* [Exercise input]:
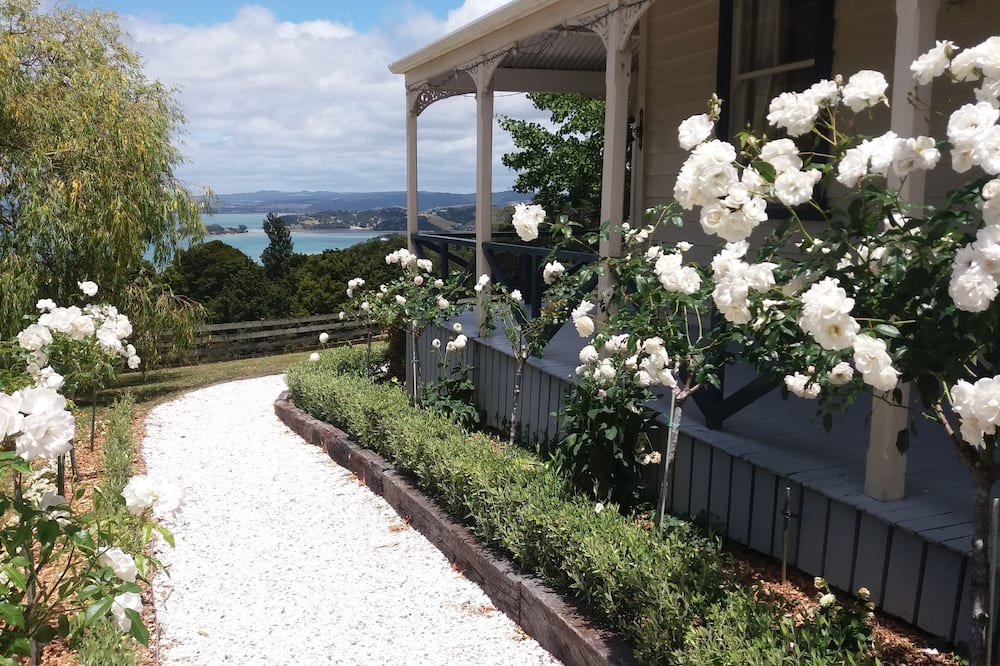 Kauri Villas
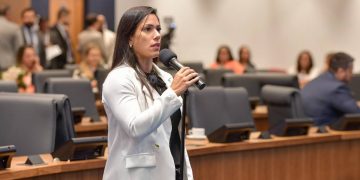 De atleta a campeã de votos: quem é Índia Armelau, deputada estadual mais votada do Rio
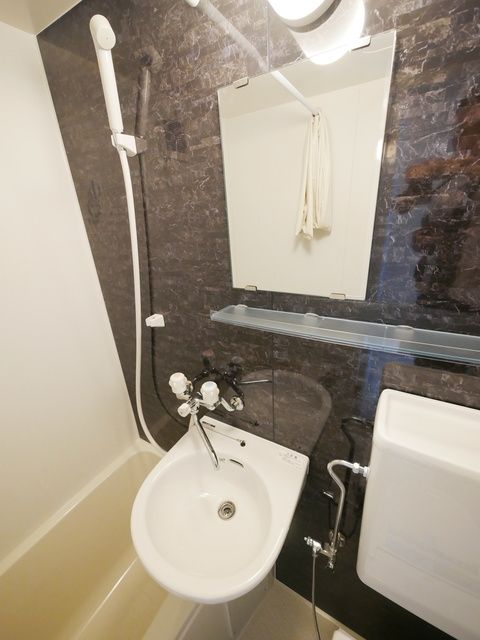 洗面設備　同物件別部屋写真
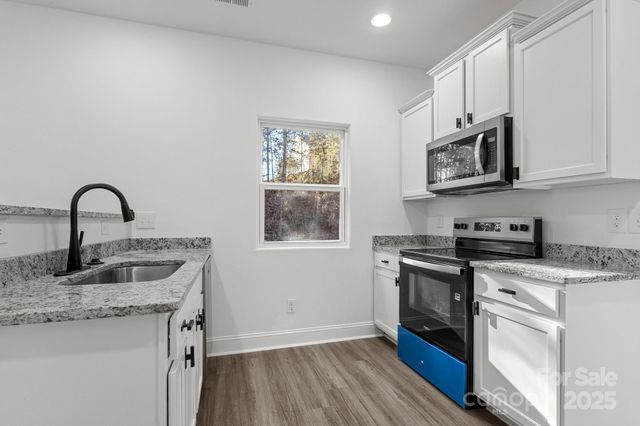 2533 Meadow Crossing Drive, Dallas, NC 28034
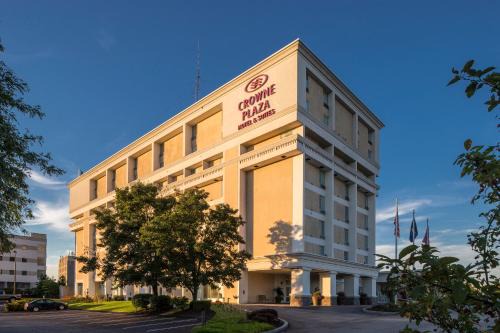 Bethel Park Hotel | Crowne Plaza Hotel and Suites Pittsburgh South by IHG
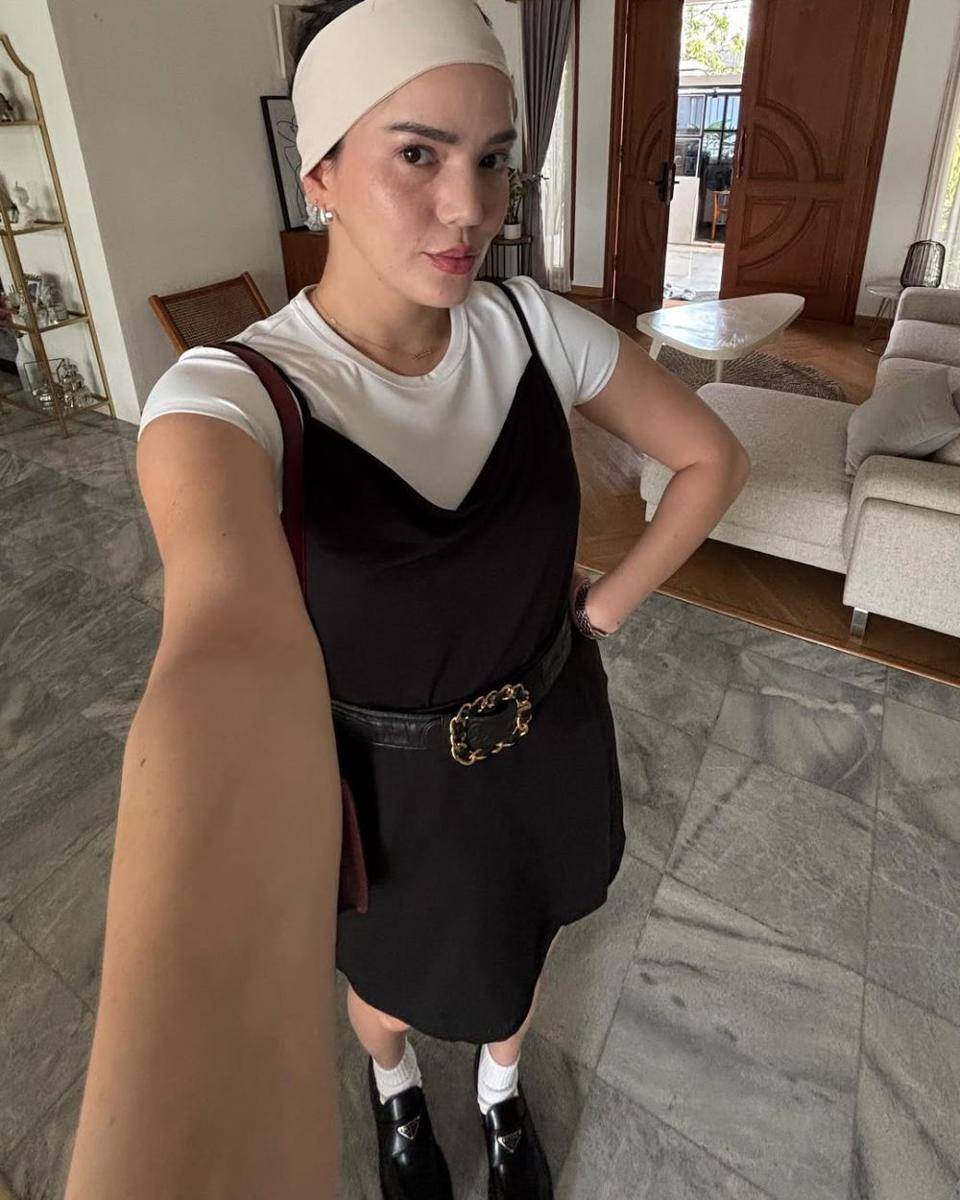 padu padan outfit hitam putih ala Alice Norin (instagram.com/alicenorin)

* [Aim of the task]: Leave the pictures out and restate exactly the lines from the one that has "2533 Meadow Crossing Drive, Dallas, NC 28034" through the final line of the entries above, both ends included.

* [Task answer]:
 2533 Meadow Crossing Drive, Dallas, NC 28034
 Bethel Park Hotel | Crowne Plaza Hotel and Suites Pittsburgh South by IHG
 padu padan outfit hitam putih ala Alice Norin (instagram.com/alicenorin)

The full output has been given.